Article by Gareth Clegg
Humans long for meaning. In order to make sense of the world and of ourselves—to necessarily function—we perceive our reality as a system of meaning. We apply a framework helps us understand who we are, where we are, where we are going, what’s wrong, and how to fix it. It’s a framework that is, when described, a narrative. A story. In fact, as Christians we may say that we perceive it this way because it really is this way. From Creation to Consummation the world is a storied reality full of meaning. And so we long for meaning because there really is meaning. As a consequence, that we perceive the world in the form of a story is natural to us.

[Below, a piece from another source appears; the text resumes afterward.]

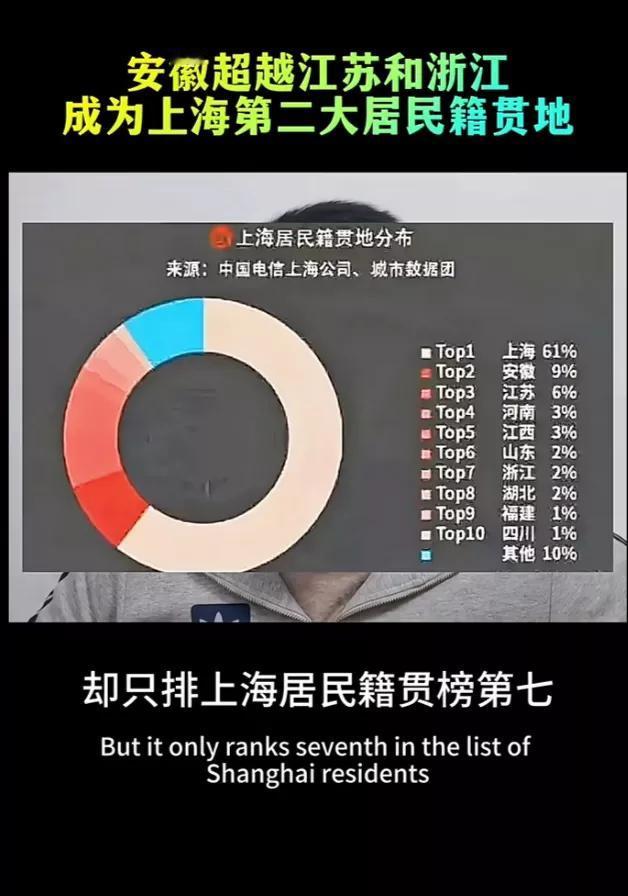 上海居民籍贯，看看安徽人有多少。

We must be careful then to grasp at the correct story. The story we choose to inhabit is important. It is profound because it affects how we conceive of ourselves and how we interact with the world we live in. And if we are to love God with all our minds, one of the first duties of a Christian is to be attentive and aware of the cultural stories around us. Stories that carry dangerous half-truths or falsehoods destructive to human flourishing.
Stories From Underground
The Russian novelist Fyodor Dostoevsky was particularly conscious to the dangers of an unthinking participation in half-true cultural stories. In his novella Notes from Underground, Dostoevsky speaks through the confessions of an “underground man,” a character who is keenly attentive to one pervasive story in the nineteenth century—that of material naturalism (or scientism). His dissent to this scientific acceptance of life means he is metaphorically living underground, under the floorboards; that is, contrary to the general trend of the rest of society.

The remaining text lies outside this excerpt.